Klein, who joined Chief Justice Tani Cantil-Sakauye and Attorney General Kamala Harris in approving Edmon's nomination to the seat at a hearing Thursday, joked, "I have to be careful during this hearing because this person is going to replace me. If I make a bad vote today, we're all in trouble."

Witnesses lauded Edmon's qualifications. Long-time friend Edith Matthai, a partner at Robie and Matthai in Los Angeles, said, "I have no qualms that Judge Lee Smalley Edmon is absolutely up to the job. Like Justice Joan Dempsey Klein, she is an obvious leader."

Matthai pointed to Edmon's leadership of Los Angeles Superior Court as presiding judge during two years of harsh budget cuts from 2011-2013.

"That is not an easy job in the best of times. Judge Edmon took on that job in the worst of times," Matthai said.

Edmon spearheaded a court consolidation plan of large-scale courtroom closures and staff layoffs, but kept the courts running and hearing cases.

"Her legacy is that she kept the court operating and she kept the judges united in what I consider the biggest challenge in the history of Los Angeles Superior Court," Assistant Presiding Judge Carolyn Kuhl of Los Angeles said.

Kuhl pointed out that Edmon was the first woman presiding judge in Los Angeles, though women have served on the bench since 1928.

"On the west wall of the presiding judges' courtroom are arranged all the photographs of the presiding judges of Los Angeles since 1948. The long line of male presiding judges is broken only by the picture of Lee Edmon," Kuhl said, holding up a framed photograph of the wall. She presented the photograph to Edmon at the hearing.

Chief Justice Cantil-Sakauye thanked Edmon for her contributions to the Judicial Council, saying the two "didn't always agree," but "communication was open, clear and honest and that carried the day."

Edmon said she was "excited and honored" to be taking Klein's seat. She noted the fact that a woman chief justice, attorney general and senior presiding justice were all sitting on a panel to confirm another woman to the appellate court, an unimaginable scenario when she started her legal career in California 30 years ago.

"What a change," Edmon said.

The panel also confirmed attorney Jonathan Renner, legal affairs secretary in Gov. Jerry Brown's Office. Renner, 44, also has been senior assistant attorney general at the California Department of Justice.

If approved by voters in November, Renner will fill the seat in the Third Appellate District left vacant when Cantil-Sakauye became chief justice in 2011.

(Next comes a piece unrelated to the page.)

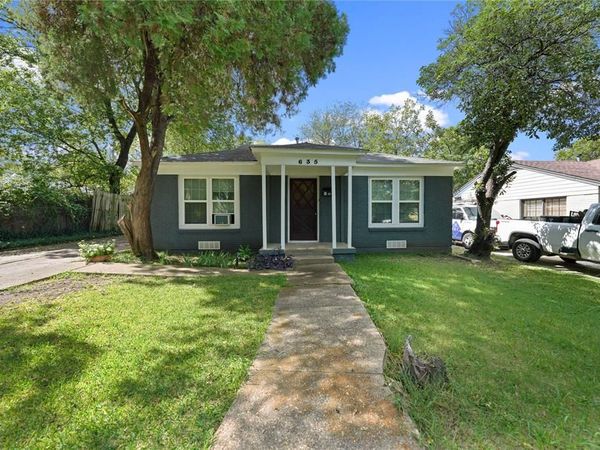 635 Richmondell Avenue , Dallas, TX 75211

"I am excited about the possibility of serving the state of California as an appellate justice," Renner said. "My goal will simply be to do the bets job that I possibly can for the people of the State of California."

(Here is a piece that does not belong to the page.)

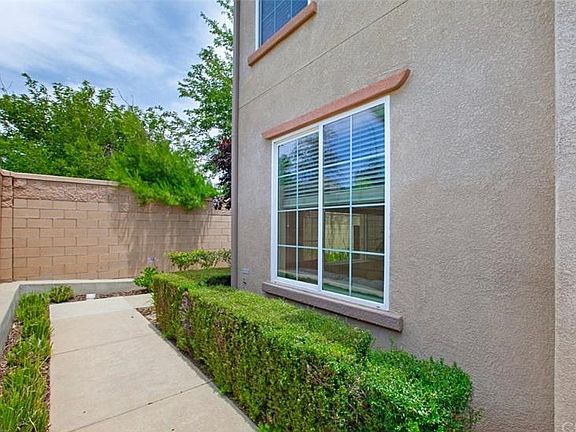 3rd image of 41845 Davenport Way Unit D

In response to Harris' questioning his lack of experience as a trial judge, Renner said: "I have been fortunate in that I've had a practice that has exposed me to a wide range of subject matter. I've been fortunate and unfortunate to experience what it's like to really not know what I'm going to work on any given day."

Los Angeles Superior Court Judge Brian Hoffstadt was the last confirmation of the day. If approved in November, Hoffstadt will replace retiring Associate Justice Kathyrn D. Todd in the Second Appellate District.

Elwood Lui, a retired appellate justice and Hoffstadt's former colleague at Jones Day in Los Angeles, joked that he had "discovered" Hoffstadt.

"I discovered Judge Brian Hoffstadt," Lui said. "I knew his destiny lay with the courts."

Hoffstadt has been a trial judge since 2010, was a partner at Jones Day, was assistant U.S. attorney and senior counsel at the U.S. Department of Justice. He also clerked for Associate Justice Sandra Day O'Connor.

Hoffstadt's hearing took a lighter tone than the preceding ones, as colleagues and friends praised his accomplishments off the bench. "Who else would climb to the top of Mount Kilimanjaro with his girlfriend and ask her to marry him?" Lui said. "Who else can say I'm going to run a marathon and just get up and run a marathon. Of course he probably had to warm up for a few hours first."